Hier hat der Kläger mit Schriftsatz vom 11. Dezember 2015 beantragt, alle drei Sachverständigen zur mündlichen Verhandlung zu laden, weil diese "in den entscheidungserheblichen Bereichen Körperpflege und Mobilität zu unterschiedlichen und widersprüchlichen Ergebnissen" gelangt seien; dazu hat der Kläger (lediglich) die von den drei Sachverständigen für die Bereiche Körperpflege und Mobilität ermittelten Zeitwerte tabellarisch gegenübergestellt. Eine derart pauschale Begründung gab dem Sozialgericht keinen Anlass, die Sachverständigen zur mündlichen Verhandlung zu laden. Konkrete Fragen oder Vorhalte zu einzelnen Bereichen der Gutachten oder zu den von den Sachverständigen aus ihren Feststellungen gezogenen Schlüssen für den Hilfebedarf kündigte der Kläger nicht an. Die Behauptung, die Gutachten seien widersprüchlich, hat er nicht näher erläutert. Es fehlt jeder Hinweis, in welche konkrete Richtung der Kläger im Rahmen der mündlichen Verhandlung sein Fragerecht ausüben wollte. Da der Kläger mit der Berufung seinen diesbezüglichen Vortrag nicht substantiiert, sondern lediglich auf den entsprechenden Antrag aus dem erstinstanzlichen Verfahren verwiesen hat, bestand für den Senat auch kein Anlass, im Berufungsverfahren eine entsprechende Anhörung der Sachverständigen vorzunehmen.
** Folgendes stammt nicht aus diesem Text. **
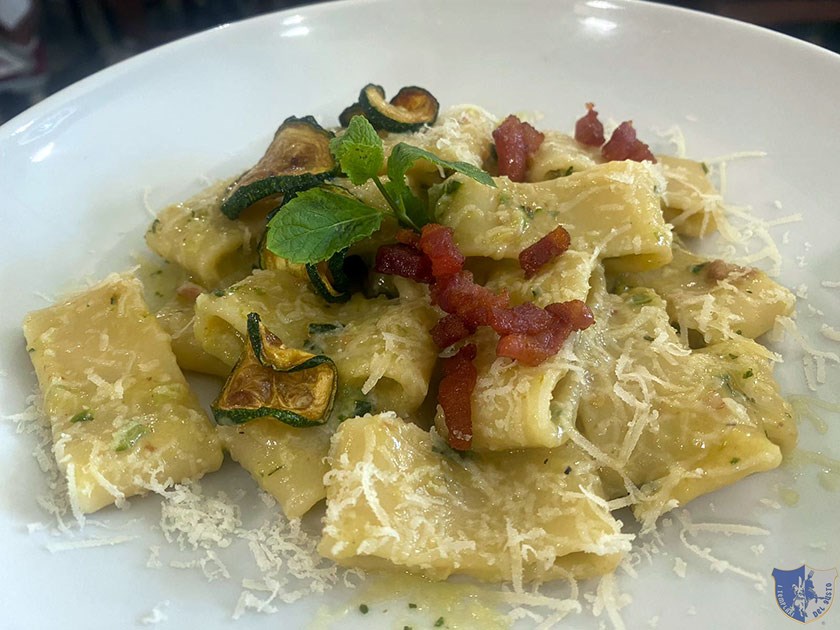 Calamarata con zucchine in tre consistenze guanciale crusco e caciocavallo di Agnone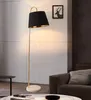 Lampadaire en marbre moderne nordique salle d'étude de pêche lampadaire de villa d'hôtel créatif noir et blanc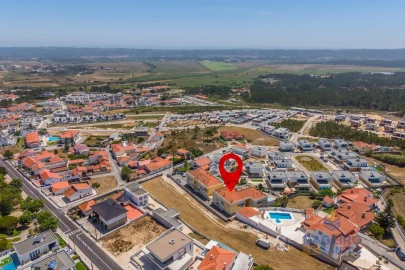Apartamento T1 para Venda em Tornada e Salir do Porto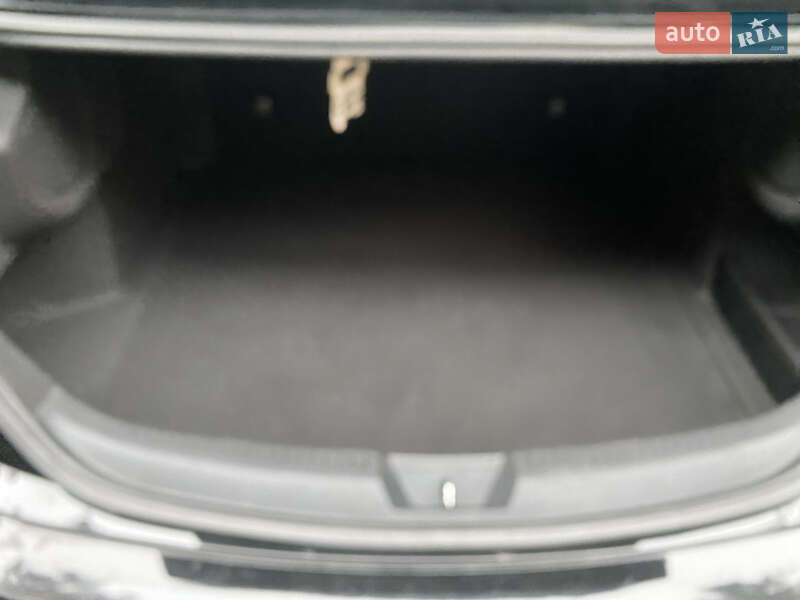 Седан Renault Megane 2019 в Киеве фото 19 Седан Renault Megane 2019 в Киеве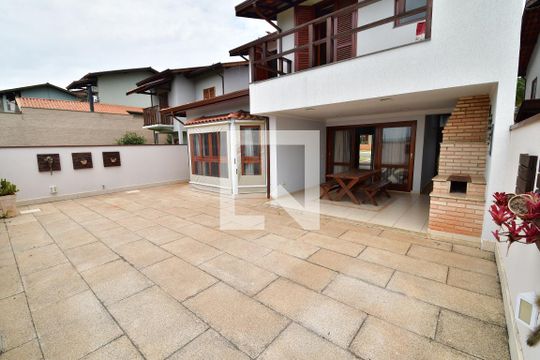 Quintal de casa de condomínio à venda com 3 quartos, 153m² em Parque dos Jacarandás, Campinas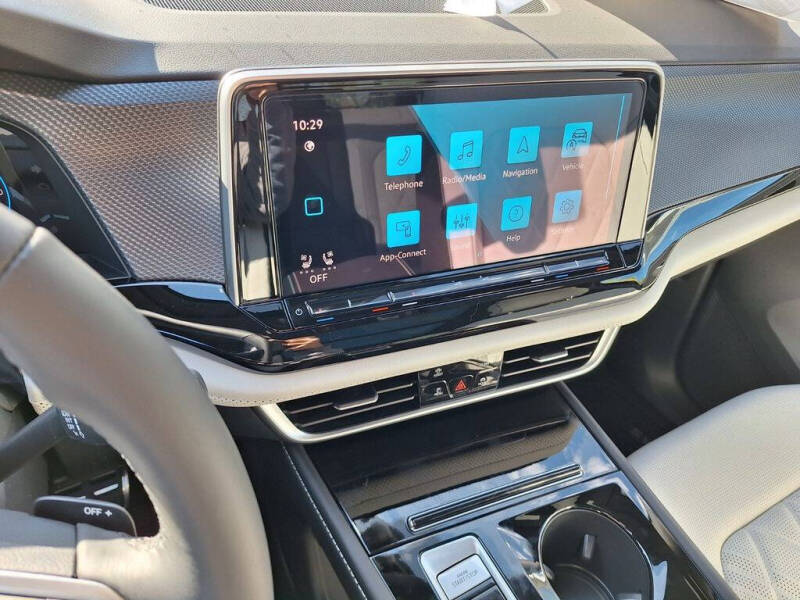 2026 Volkswagen Atlas Cross Sport SEL Premium R-Line 4Motion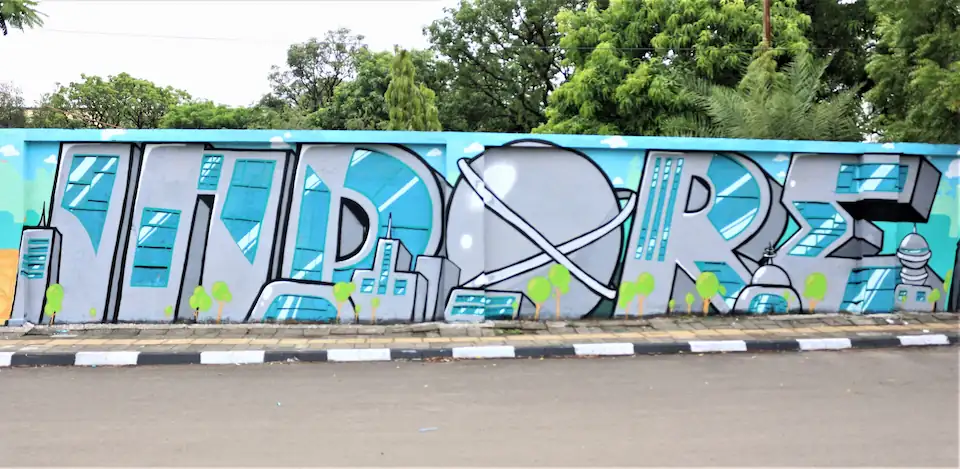 space age story with this beautifl art enfolds at Bhawarkuan choraha indore smart city 2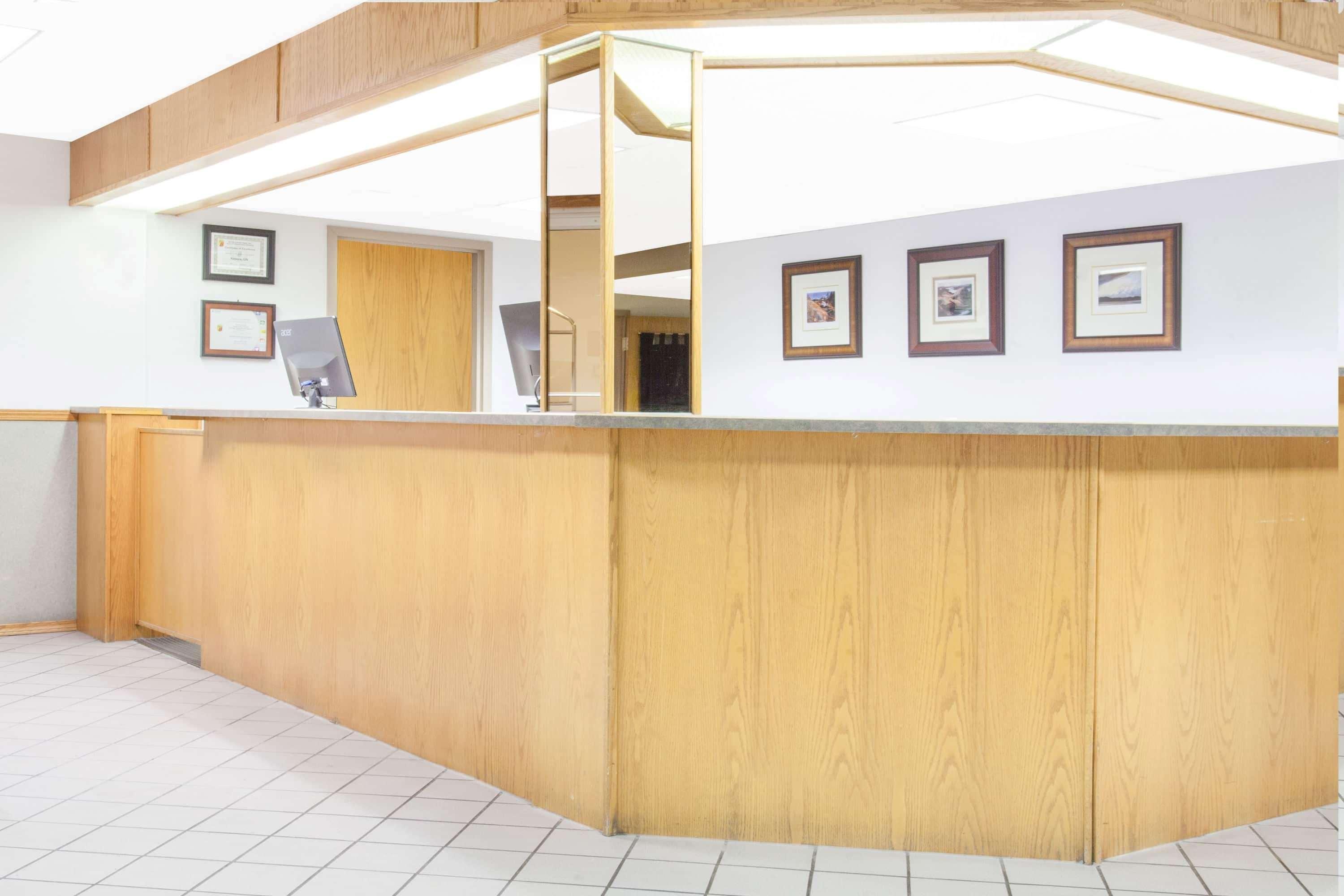 Super 8 By Wyndham Kenora Hotel Exterior photo
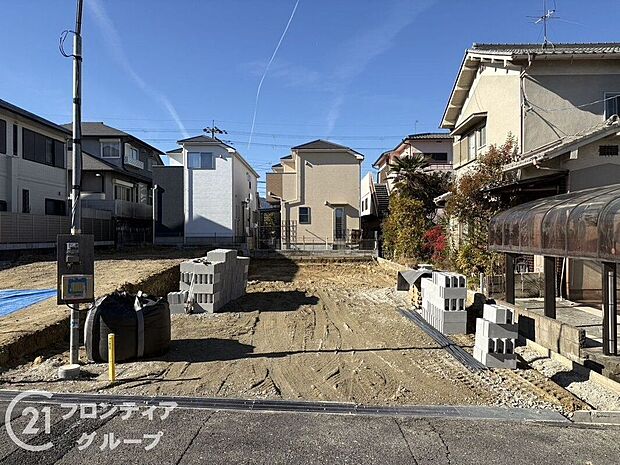 【前面道路含む外観】現地写真更新！現地ご案内とともに住宅ローンのご相談も承ります！実際の道路幅や雰囲気は、ぜひ一緒に現地で確認いたしましょう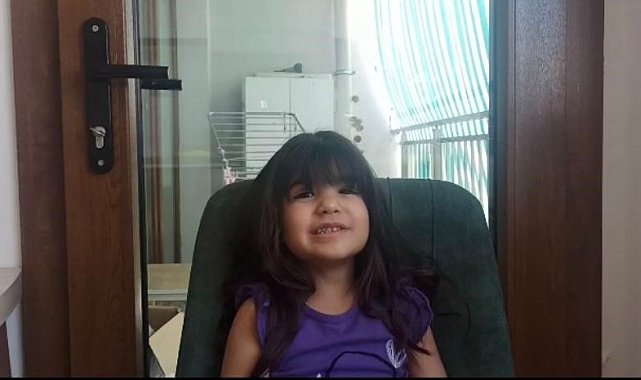 Yaşı küçük vicdanı büyük: Balkona yuva yapan güvercine gözü gibi bakıyor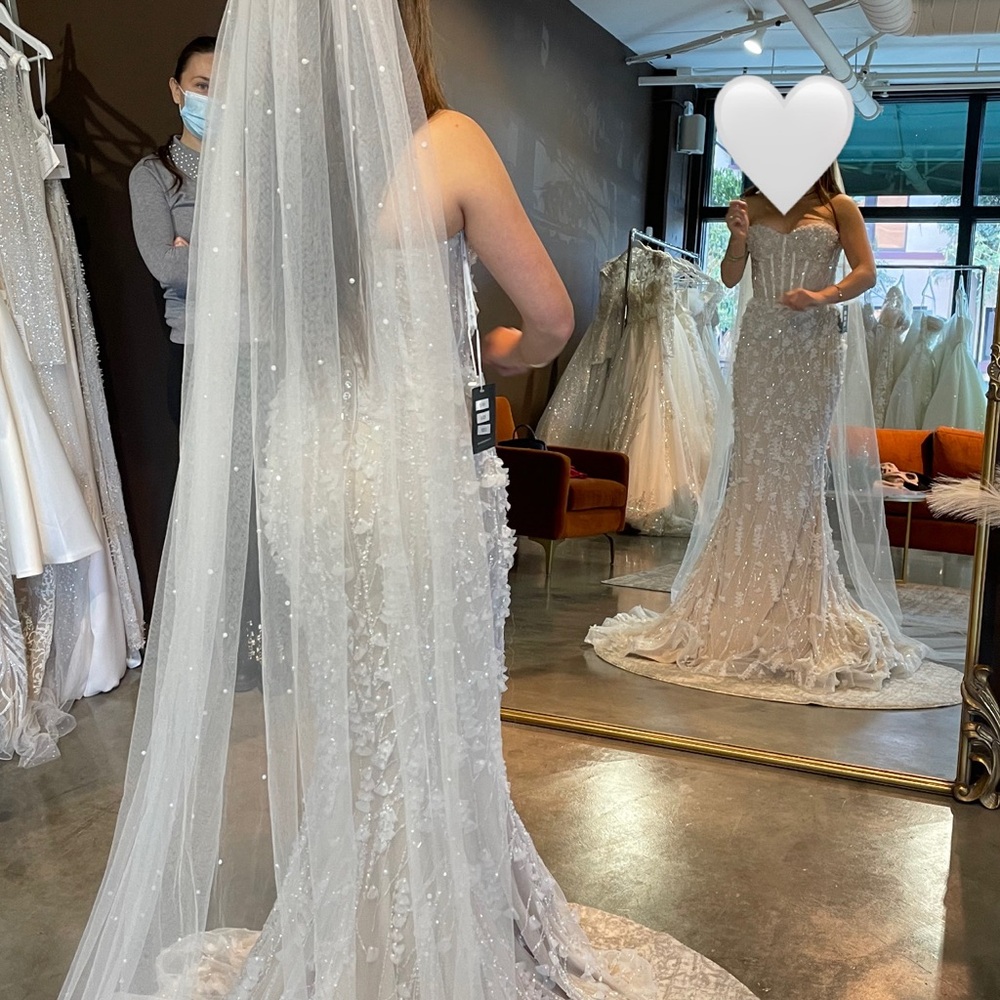 VIERO Wedding dress + pearl veil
Die Kostenentscheidung beruht auf § 193 SGG. Es entspricht der Billigkeit, dass die Beteiligten einander keine Kosten zu erstatten haben, obwohl die Klage infolge des Teilanerkenntnisses der Beklagten teilweise Erfolg hat. Denn die Beklagte hat, nachdem der Kläger außerhalb des gerichtlichen Verfahrens einen Neuantrag gestellt hatte, auf das Gutachten des MDK vom 30. Januar 2017 umgehend reagiert und den Kläger entsprechend dem Ergebnis des Gutachtens klaglos gestellt. In einem solchen Fall, in dem die Beklagte auf eine – noch dazu außerhalb des gerichtlichen Verfahrens festgestellte – Änderung der tatsächlichen Verhältnisse unverzüglich und adäquat reagiert, wäre es nicht sachgerecht, die Beklagte mit Kosten zu belasten (vgl. Leitherer in Meyer-Ladewig/Keller/ Leitherer/ Schmidt, SGG, 12. Aufl. 2017, § 193 Rn. 13 m.w.N.).
Gründe für die Zulassung der Revision nach § 160 Abs. 2 SGG liegen nicht vor.